For some at least, the riots, burnings, and sackings of embassies and foreign businesses have a purpose that goes beyond an expression of anger over perceived insults to the Prophet. They seek, at minimum, to create an environment in which self censorship will replace robust debate in matters regarding fundamental issues of international affairs and public policy. Beyond this objective, some seek to enshrine in international agreements demands to curb "blasphemy" or "hate speech." These are pernicious and dangerous arguments. Such efforts must be seen for what they really are: efforts to de-legitimize free speech through international regulation. Freedom House has opposed such efforts in the past, and will do so again now and in the future.
It is essential that those who cherish democratic freedoms recognize the stakes in this controversy. The adversaries of freedom of expression have resorted to demagoguery, scare tactics, and violence to advance their cause. The democratic world, curiously, has responded with confusion, bewilderment, and in some cases a lack of intellectual clarity. Freedom House is especially concerned about statements of vacillation and compromise voiced by government leaders, commentators, and even advocates of civil liberties from the United States and other democracies.

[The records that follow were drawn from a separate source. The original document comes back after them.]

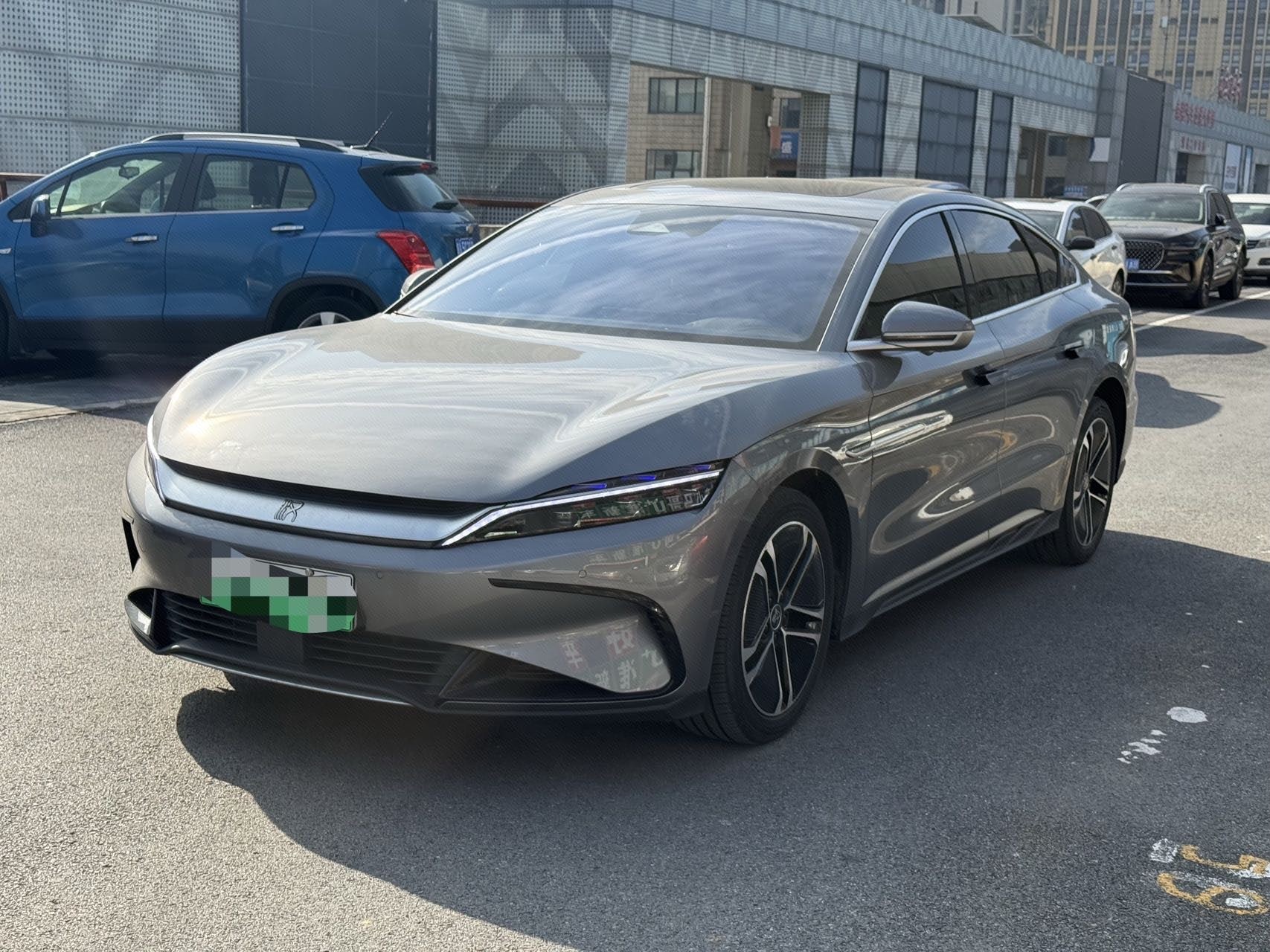 BYD Han 2023 BYD Han 2023 car image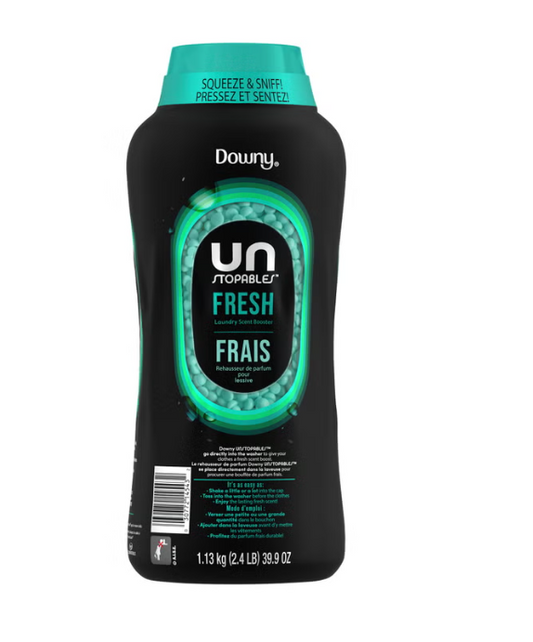 Downy Unstopables Fresh In-Wash Scent Booster Beads, 1.13 kg
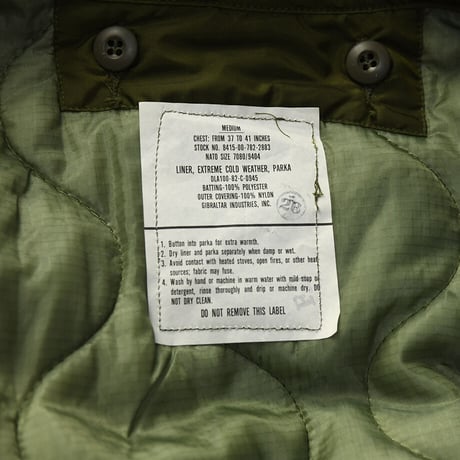 ［L］m65 parka_deadstock_no.221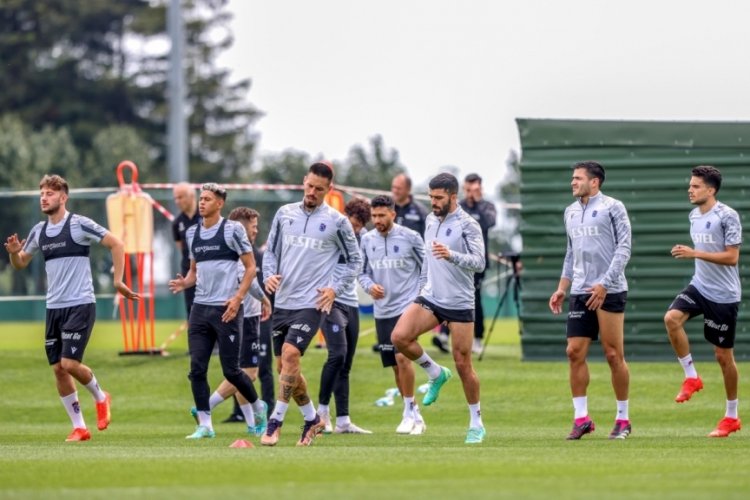 Trabzonspor, Giresunspor ma&ccedil;ı hazırlıklarında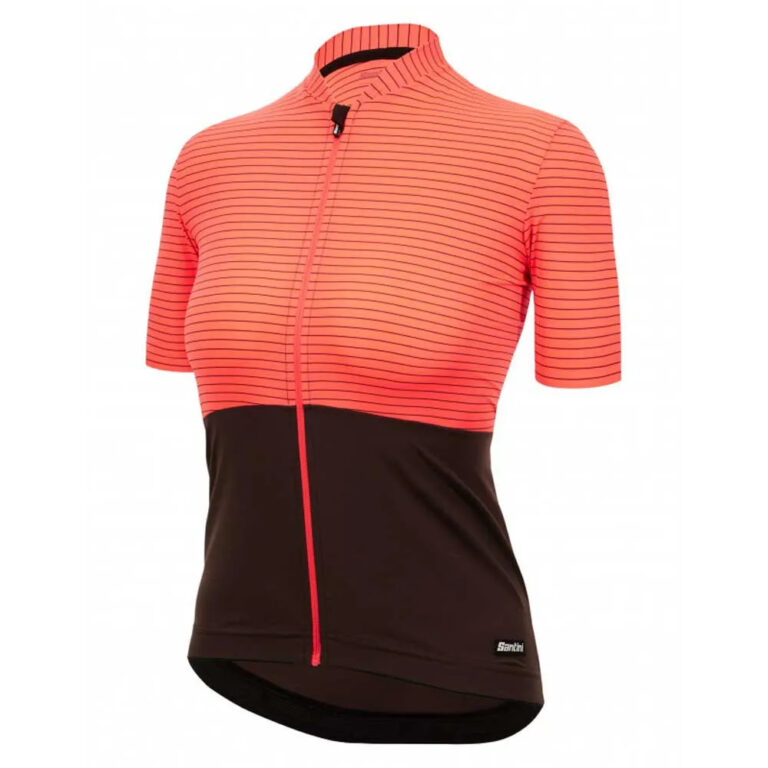 Santini Colore Riga Short Sleeve Jersey XS Grenadine - 3XL Grenadine - Image 3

Freedom House also rejects the claim, mounted by some even in the democratic world, that in an increasingly interdependent world, the commitment to freedom of expression must be modified to ensure that religious or national sensitivities are never challenged. While it is true that the round-the-clock, global nature of public discourse and news reporting places additional burdens on the press to ensure accuracy and to consider tone, it also requires that the democracies remain steadfast in their commitment to fundamental principles. There are, after all, millions who live under dictatorship and repression who yearn and courageously advocate for the freedoms, including freedom of speech and freedom of religion, that we enjoy as a matter of course. For democrats to fail to stand firmly behind a basic value like freedom of expression in their own societies would send a devastating message to those involved in the struggle for freedom under oppressive conditions.
Finally, Freedom House recognizes that, under current international conditions, a controversy involving the deepest feelings of the world's Muslim population poses extraordinary challenges to any discussion about the role of the press in the non-Muslim world. In its political analysis and commentary, Freedom House has for more than three decades consistently proceeded on the basis of respect for the Muslim faith. At the same time, we have been just as consistent in speaking of the lack of freedom and denial of rights that plagues Middle East societies and in placing principal blame for this freedom deficiency on autocratic ruling elites and extremist religious movements - the very same leaders and forces who have played the most insidious role in the cartoon controversy.
We at Freedom House are persuaded that a resolution to the issues raised by the publication of the cartoons can emerge only from a dialogue that combines sensitivity and common sense with intellectual honesty and candor, and that is anchored on a firm commitment on all sides to an absolute support for freedom of expression.